Amor y odio

Amor y odio
Por:
  • Pacotest

Me robaron los espejos de mi coche, por tercera vez en seis meses… Quién me manda vivir al lado de la colonia Doctores (y de inmediato me respondo a la pregunta retórica: nadie, nadie me manda vivir ahí). Puedo ir a comprárselos más baratos a los mismos gañanes que me los robaron, pero eso sería (según observación de mi hermano) robárselos a alguien más. Este pequeño y personal círculo vicioso podría aplicarse, me parece, a toda la ciudad, envuelta en una pura supervivencia, una huida hacia adelante que no le permite arreglar sus muchos problemas de raíz, sino sólo parcharlos.

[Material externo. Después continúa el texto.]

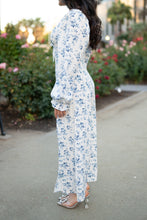 Load image into Gallery viewer, Blue Floral Maxi Dress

No me quejo: sólo constato. Y lo cierto es que sigo yendo al trabajo en mi coche tuerto, sigo soportando el tráfico, sigo sonriendo mientras me formo para tomar el elevador, sigo aprendiendo a usar Excel. Lo hago sencillamente porque la amargura y yo somos incompatibles, pero detrás de mi sonrisa machaca esta idea: otra vida es posible. Es probable que Tláhuac haya sido el detonador de estos pensamientos: había creído yo que la ciudad, con todo y la violencia inherente a toda megalópolis, era inmune al azote del narco salvo por su (casi doméstico, casi invisible según yo) tolerable narcomenudeo, y no, por supuesto que no: la sola existencia de El Ojos, el desmesurado operativo para “abatirlo” y, sobre todo, la reacción posterior de la gente fiel al traficante o simplemente opuesta a la autoridad, que convirtió esa zona de la ciudad en un auténtico campo de guerra, me recordaron que nadie está exento de la violencia que vivimos. Nadie. En ningún código postal.

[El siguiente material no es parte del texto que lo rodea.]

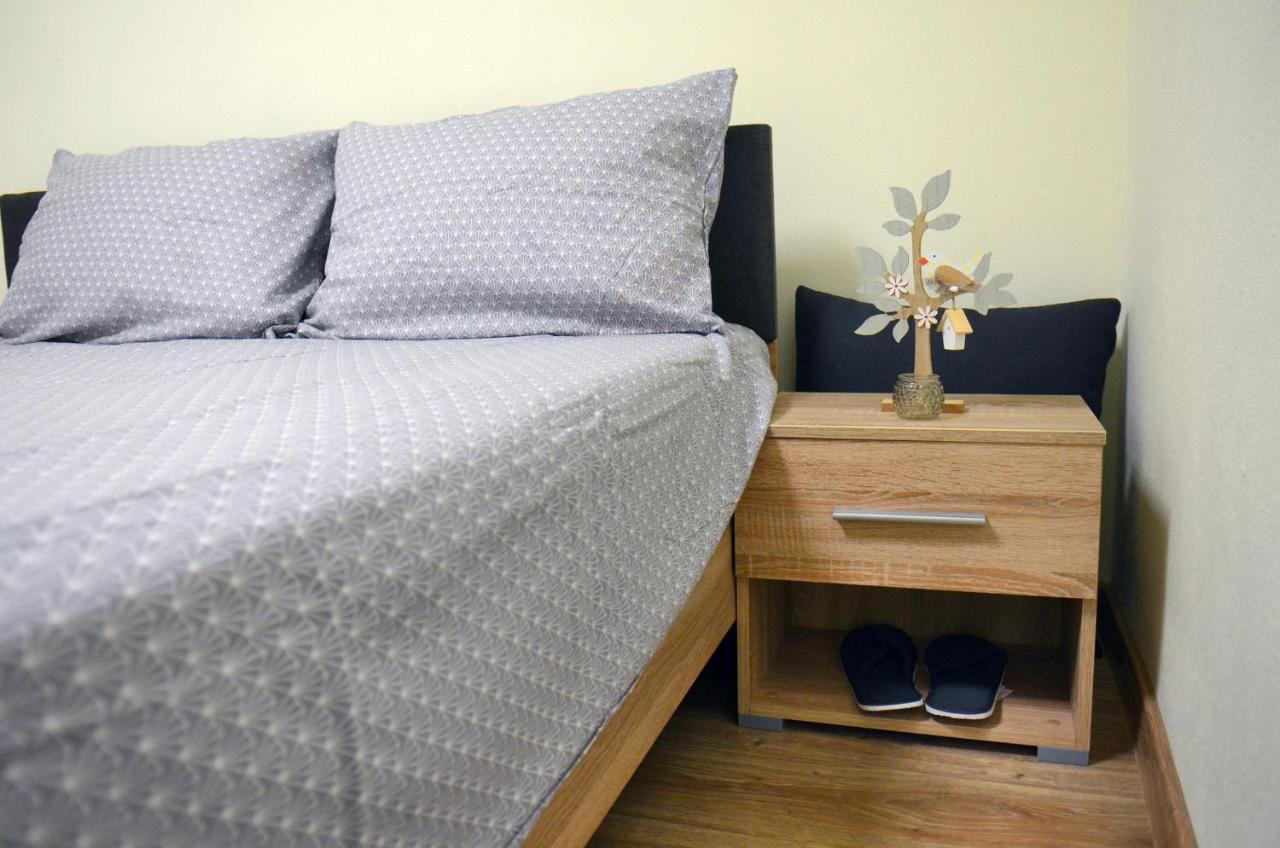 Private Apartment In The City Centre. 오라데아 외부 사진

Y así se va explicando el conocido oxímoron de amor-odio que todo chilango siente por su hábitat. Yo la amo con cierta locura, y esa misma zona en la que vivo al lado de la Doctores es una colonia, la Narvarte, cuajada de palmeras y establecimientos de barrio verdaderamente encantadora. El fin de semana es como un telar que fuera finamente atravesado por todo tipo de sonidos locales: el grito del gaaaaas, la campana de la basura, los camotes, el afilador y, en fin, la consabida grabación de los tamales oaxaqueños que ya forma parte del soundtrack de todos nosotros. Pero simultáneo a esa banda sonora, a ese sabor local, he desarrollado un miedo gélido a que el suelo se abra bajo mis pies, como si la realidad mexicana se sostuviera sobre la fragilidad de un potencial socavón. En Asterix y Obelix, el feroz y valientísimo jefe de la aldea gala sólo teme a una cosa: que el cielo se desplome sobre su cabeza. ¡Cuántos mexicanos no somos Abraracúrcix a la inversa,

aterrorizados con la idea de que un socavón se abra súbitamente debajo de nuestros pies! Ay, qué inconsistencia. Ay, qué precariedad.

Pero el pavimento no se ha ahuecado hasta ahora bajo mi coche, y persevero en esta ciudad con una especie de fe, como quien camina confiadamente en la oscuridad. Sé que debajo de mí hubo una laguna, y que a mi alrededor campea una violencia cada vez más visible, pero no por ello voy a dejar de peinar estas intensas calles, esta región más eléctrica del aire.